Review: “Tall Girl” films unnecessarily highlight first-world problems


“Tall Girl 2” will premiere Feb. 11. Courtesy of Netflix. © 1997-2016 Netflix, Inc. All rights reserved.

Catherine Tepper, news correspondent

“You think your life is hard? I’m a high school junior wearing size 13 Nikes. Men’s size 13 Nikes. Beat that,” says Jodi, the protagonist of Netflix’s “Tall Girl.”

Jodi’s predicament is not uncommon. Struggling with body image is extremely familiar to most girls in today’s society, especially with the unrealistic beauty standards that social media constantly perpetuates. In theory, “Tall Girl” could have had real potential to dispel these beauty standards laid out by our patriarchal society, but in practice, it fell short.

The movie stars Ava Mitchell who plays Jodi, a white, cisgendered, heterosexual, conventionally attractive, intelligent, blonde girl from an upper-middle class family. Despite all these societal privileges, the movie centers around Jodi’s grand predicament of, you guessed it, being tall. 

For Jodi, her height isn’t just a minor insecurity about her physical appearance, something most viewers can relate to. Instead, it is an obsession that literally makes up her entire personality. The viewer learns almost nothing about Jodi as an individual, except that she occasionally reads books and that she used to play the piano. She no longer plays because she doesn’t want to give people another reason to look at her. Jodi’s debilitating insecurity over her height inhibited her from pursuing hobbies and forging defining personality traits. 

Jodi’s only major challenge in life, as far as the audience knows, is her height. But it never actually causes her to face legitimate problems. Aside from some low-grade teasing from her classmates, Jodi’s hurdles and character development throughout the film are underwhelming. 

Her insecurity about her height does not lead her to overcoming adversity, even though she claims she does. In reality, Jodi has a very fortunate life, and her overzealous insecurity about being taller than average obstructs the character’s ability to recognize her own privilege: She does not struggle to pay for what she needs, she gets a good education, she has a supportive family, kind friends and will very likely go on to live a nice, cushioned life.

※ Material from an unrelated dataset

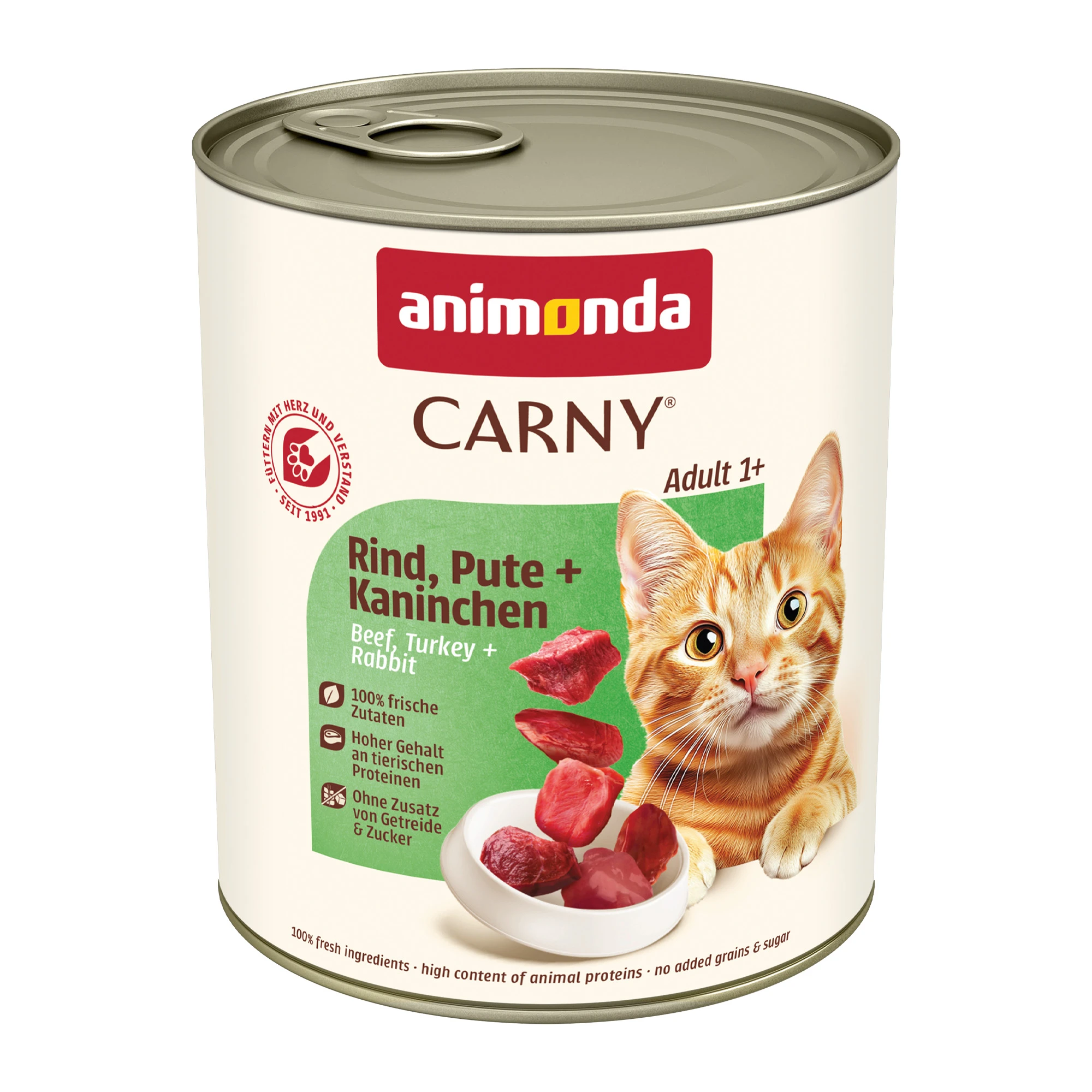 animonda Carny Adult 6 x 800 g - hovädzie, morčacie + králičie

Overall, the film screams first-world problems. Not only are Jodi’s problems trivial, but the problems of those around her are trivial as well. Her sister’s biggest challenge in life are her allergies and Jodi’s friend, Jack Dunkleman, spends the film butting heads with a foreign exchange student staying at his home. 

While watching a film that harps on the inconsequential problems of privileged teenagers might be a fun distraction for an hour and half, in reality, the production makes a mockery of people who face tangible problems on an everyday basis for the way they present or identify themselves. At the end of the day, people like Jodi have an upperhand in the real world, and trying to pretend that Jodi faces true societal backlash just for being tall is simply misleading.

Netflix’s decision to release a sequel to the original “Tall Girl” film, places salience on the comparatively minute struggles of privileged members of society. Meanwhile, viewers can see that Jodi’s best friend, Fareeda, who is portrayed as a stereotypical sassy Black side-kick and best friend, likely struggles much more than Jodi as a Black woman in New Orleans. Several times throughout the movie, Fareeda even says that she has her own problems and struggles, but they are overshadowed by Jodi’s insecurity about her height. 

Being a certain race has the potential to limit one’s opportunities in education, housing, financial well-being, careers and general quality of life. But instead of exploring these real experiences of ostracization, the films highlight the teasing that Jodi faces at school for being six feet and one inch tall.

So why would Netflix decide to bring back its character with one of the worst persecution complexes viewers have ever seen? One word: profit. 

“Tall Girl” became infamous for its bad writing and ridiculous premise, but it still got a ton of attention. And instead of using its money to make a film about legitimately marginalized people with real problems, Netflix chose to waste it on making a sequel that will draw in the bad-movie addicts once again. 

With “Tall Girl 2” set to premiere Feb. 11, the trailer reveals that Netflix is seemingly riding on the wave of the preceding film’s terrible acting and absurd topic to draw in money instead of  bothering to redeem itself from the dumpster-fire original.